The Goofus and Gallant Approach to Greatness

Recently, I’ve become a fan of Instagram. One of the accounts I follow features Harlow, a stately Weimeramer and Indiana, an adorable Dachshund, who are best friends and a shining example of model canine behavior (@harlowandsage). The two of them lie peacefully on the couch, gaze adoringly at each other and maintain their composure at all times.
My sister’s dogs, Ruby and Domino, on the other hand, bark wildly whenever a rabbit (or other living creature) steps foot in the back yard, gnaw holes in imported rugs and engage in snarling wrestling matches on the floor.
The stark difference between them reminds me of Goofus and Gallant, two characters who were featured in Highlights, the children’s magazine that my sisters and I had a subscription to when we were growing up. Every month, the cartoon series would illustrate how the boys behaved differently in the same situation. Riding the school bus, for example: Goofus hogs his seat. Gallant makes space for someone else to sit down. On the playground: Goofus bosses his friends around. Gallant asks: What do you want to do next?
So what does that have to do with us? Well, most of us have behaviors we want to change. We want to become a better version of ourselves, to adopt the habits of greatness.
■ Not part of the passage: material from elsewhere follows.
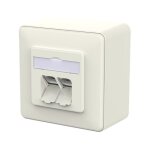 METZ CONNECT Anschlussdose E-DAT C6A IDC 2 Port AP reinwei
But caught up in a life of hard-wired routine and nonstop activity, we don’t take the time to consider how to consciously put those behaviors into action. So what if we started with the behavior that’s not so great and then did the opposite: What would the Goofus and Gallant version of us do?
  • Goofus repeatedly checks email on his phone during the team meeting/conference call/family dinner. Gallant knows the greatest gift he can give to others is his undivided attention and puts his phone away so he won’t be tempted to look at it.
  • Goofus scarfs down two slices of pizza with extra cheese for lunch, even though he knows he’ll get indigestion and feel sluggish the rest of the afternoon. Gallant orders chicken with kale and brown rice so he’ll have high energy and focus for the client meeting.
  • Goofus beats himself up for mistakes he made in the past and feels embarrassed that he hasn’t accomplished what he thinks he should have by now. Gallant trusts that his life is unfolding perfectly even if it doesn’t look like it sometimes and focuses on feeling gratitude and appreciation for the lessons he’s learning.
  • Goofus worries constantly about whether he can meet the deadline/make payroll/deliver what the client asked for. Gallant trains himself to focus on what he can control and to take action instead of sitting there worrying.